Pathological processes in the alveolar and facial bones can lead to bone loss that may not heal with complete regeneration. Biomaterials can be used to facilitate the healing process and/or as a bone substitute, but the mechanisms are not fully understood. Persistent leakage of bacteria/bacterial toxins, after root canal treatment, may lead to a residual bone defect. The healing is dependent on a placed dental biomaterial providing a tight seal. The composition of the filling material may also influence the healing process.

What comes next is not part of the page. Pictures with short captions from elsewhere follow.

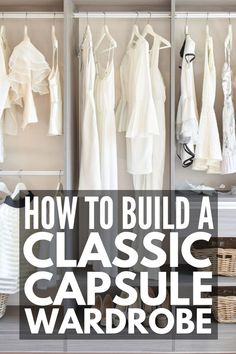 how to build a classic capsule wardrobe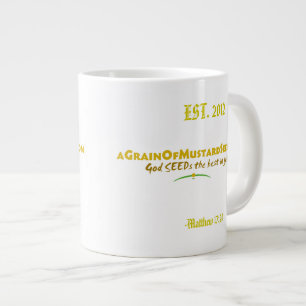 Agrainofmustardseed.com EST 2012 Large Coffee Mug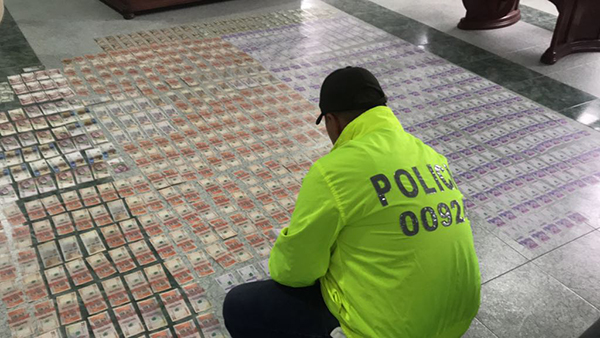 Desarticulamos organización criminal dedicada a la falsificación de moneda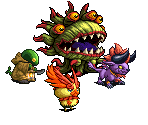 WoFF Monsters - Pictlogica Final Fantasy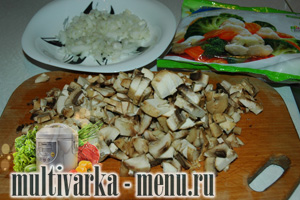 курица с грибами в мультиварке курица в мультиварке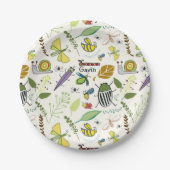 Bug Verjaardag Borden gepersonaliseerd Papieren Bordje (Voorkant)
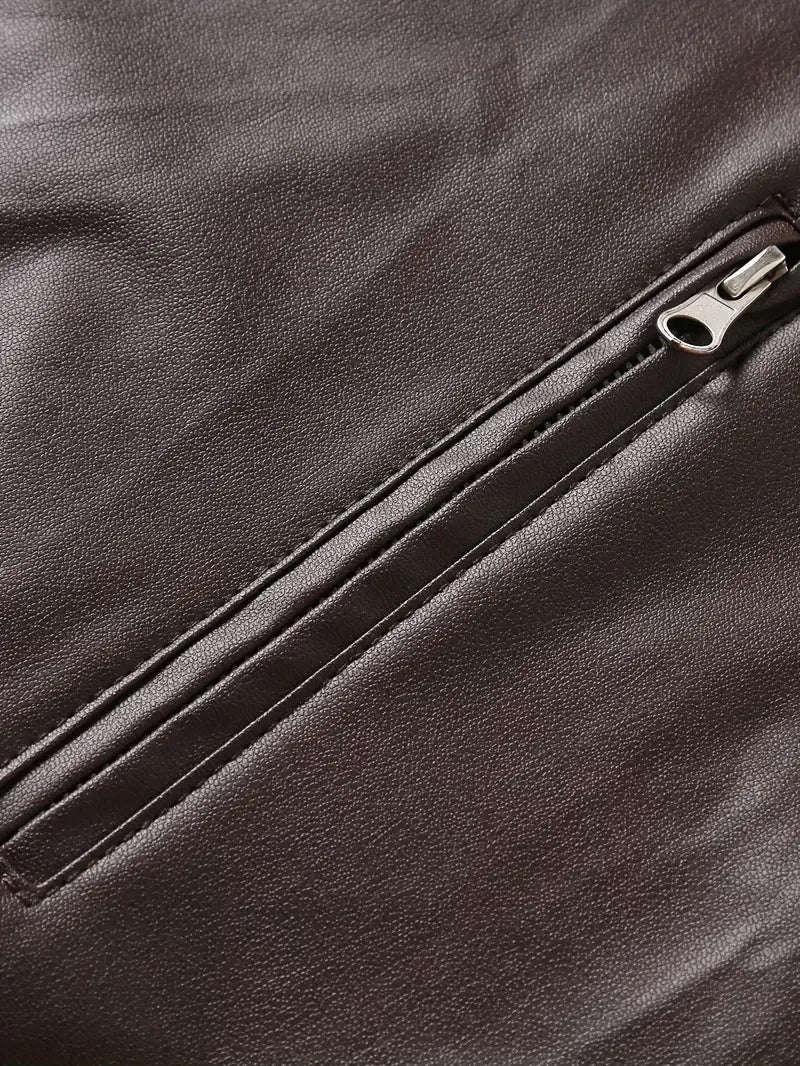 Ultra-Premium Leather Jacket Dual Zip Chest— Detroit Lions SPTSLJ002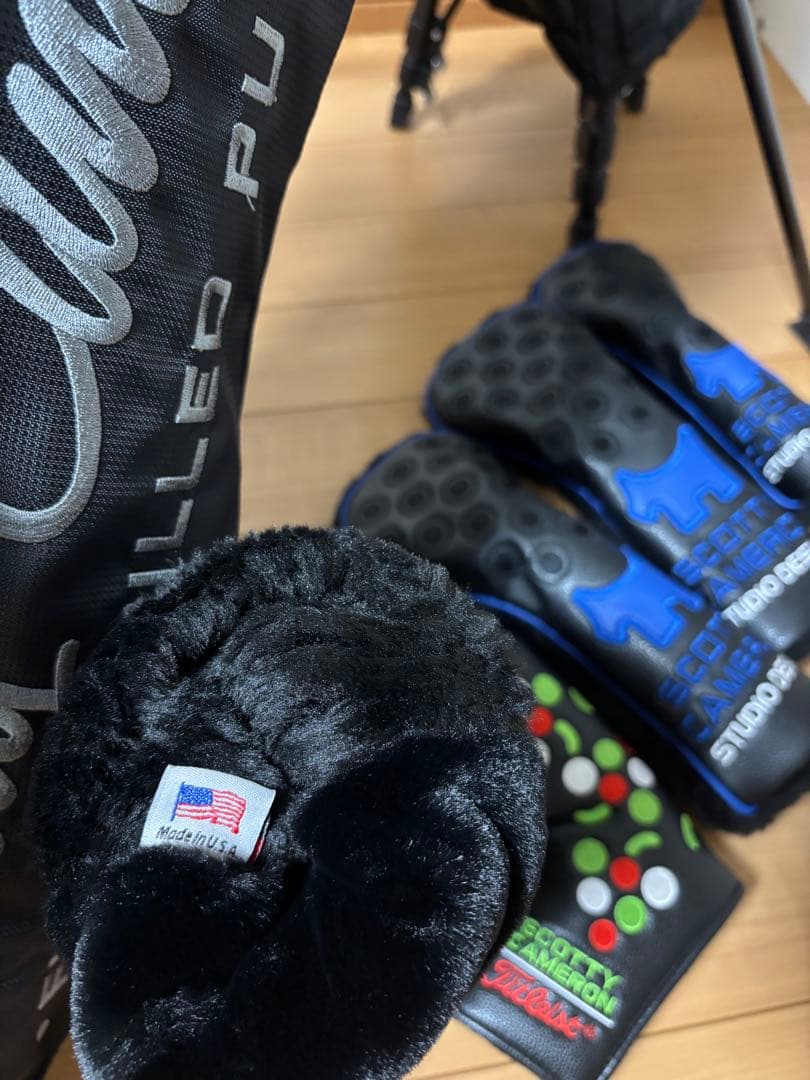 スコッティキャメロン キャディバック UT.PTヘッドカバー フード付き 美品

The general aim of this study is to investigate surface properties and biological interactions of biomaterials used in dento-alveolar surgery. A dental biomaterial, a bonded compomer (DAP) containing a corroding glass filler, was used as a root end filling material, promoting a new operation technique. The healing (assessed according to Molven´s x-ray criteria) demonstrates a significant improvement in healing results for the compomer group, compared to a commonly used technique. The surface properties and biological interactions of DAP were analyzed. ICP-OES of DAP cell culture medium extract demonstrated a significant release of Sr, Si and F from the dental biomaterial. Human periodontal ligament (PDL) cells grew on and around DAP specimens without any sign of toxic reactions. DAP extract stimulated proliferation of PDL cells, but caused an inhibition of osteoblastic gene expression in mouse bone marrow cells. The surface properties of the glass containing compomer may contribute to improved healing of the periapical lesions.

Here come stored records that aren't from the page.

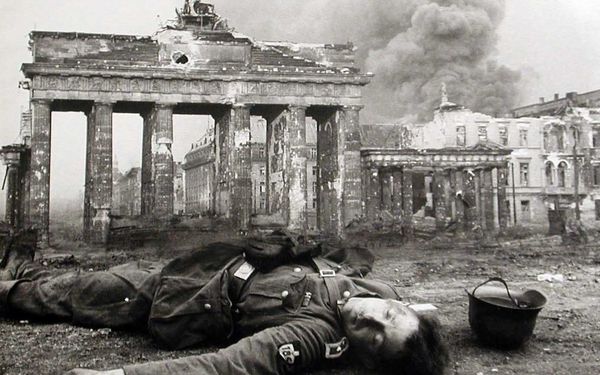 The ruins of central Berlin in 1945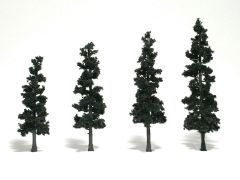Conifer Green Realistic Trees 4-6in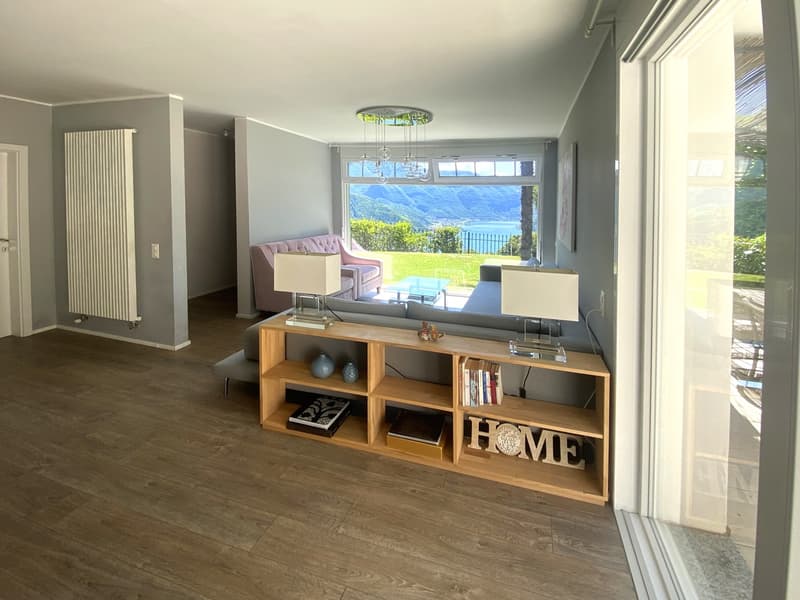 Haus 2,5 Zimmer renoviert mit Blick auf Ceresio, Garten und Parkplätze (5)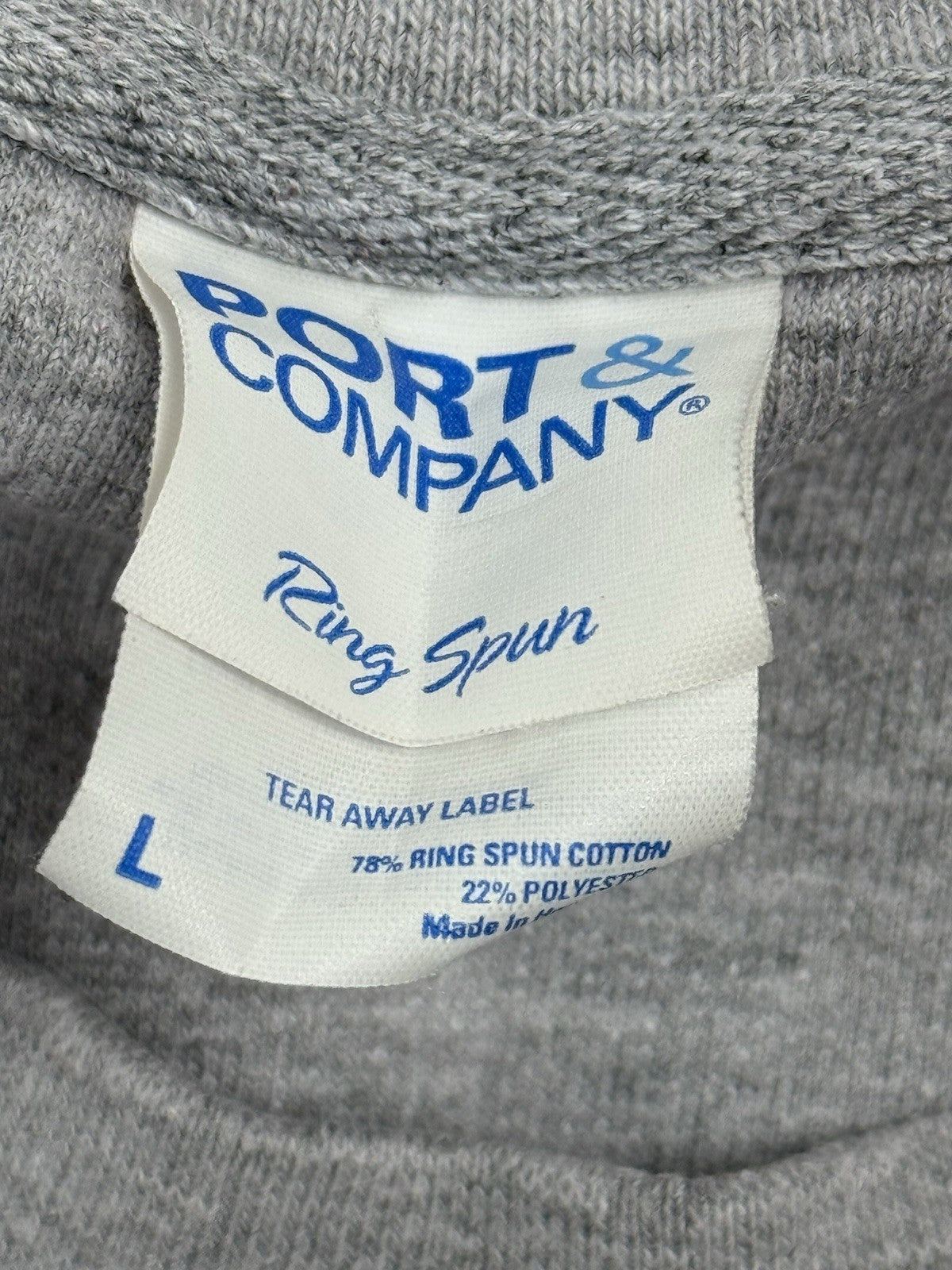 Retro Grey T.C. Williams Titans Printed Ring Spun Jumper Large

A bovine inorganic bone graft substitute (BO) is commonly used as a treatment option in dento-alveolar surgery with new bone formation in immediate close contact with BO material. ICP-OES dissolution analysis of cell culture media, after incubation with BO particles, demonstrated a dosedependent release of Si and a decrease of Ca and P. An uptake of Ca from the medium to the BO particle was demonstrated with calcium-45 labeling. The Si dissolution varied between different batches, possibly reflecting a variation in food intake in the animals. Stimulated osteogenic response was seen in close contact to the BO particles in cell cultures. Furthermore, it was clearly demonstrated that the study design is a critical factor for correctly understanding biomaterials’ biological interactions.

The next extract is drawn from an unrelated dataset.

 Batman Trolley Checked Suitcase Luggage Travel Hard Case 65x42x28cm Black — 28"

The surface properties of three bone graft substitutes reported to have good results in dento-alveolar surgery were investigated, in order to establish whether or not dissolution-precipitation reactions could contribute to the bone healing. Dissolution-precipitation extracts of BO, bioactive glass 45S5 (BG) and a marine algae hydroxyl apatite (AP) in cell culture media were analyzed. Dissolution of Si at significant levels was detected for BO and 45S5 over time. Significant uptake levels of Ca and P from the culture were seen for both 45S5, BO and AP but at different times. Surface analysis of the biomaterials with SEM/EDAX, before and after immersion in cell culture media, revealed a smoothing of the surface morphology for 45S5 over time. No obvious alterations for BO and AP were detected. Ca/P ratio decreased significantly for 45S5, but no major changes were detected by XPS for BO or AP. XPS further demonstrated a surface charge for BO, changing from negatively to positively charged when exposed to serum. 45S5 and AP had positive surface charges, both in the absence and the presence of serum. These demonstrated surface changes in biomaterials could contribute to adherence of cells and subsequently affect bone healing.
Conclusion: Biomaterials used in dento-alveolar surgery interact with biological surroundings through surface and dissolution-precipitation reactions which may have implications for bone healing.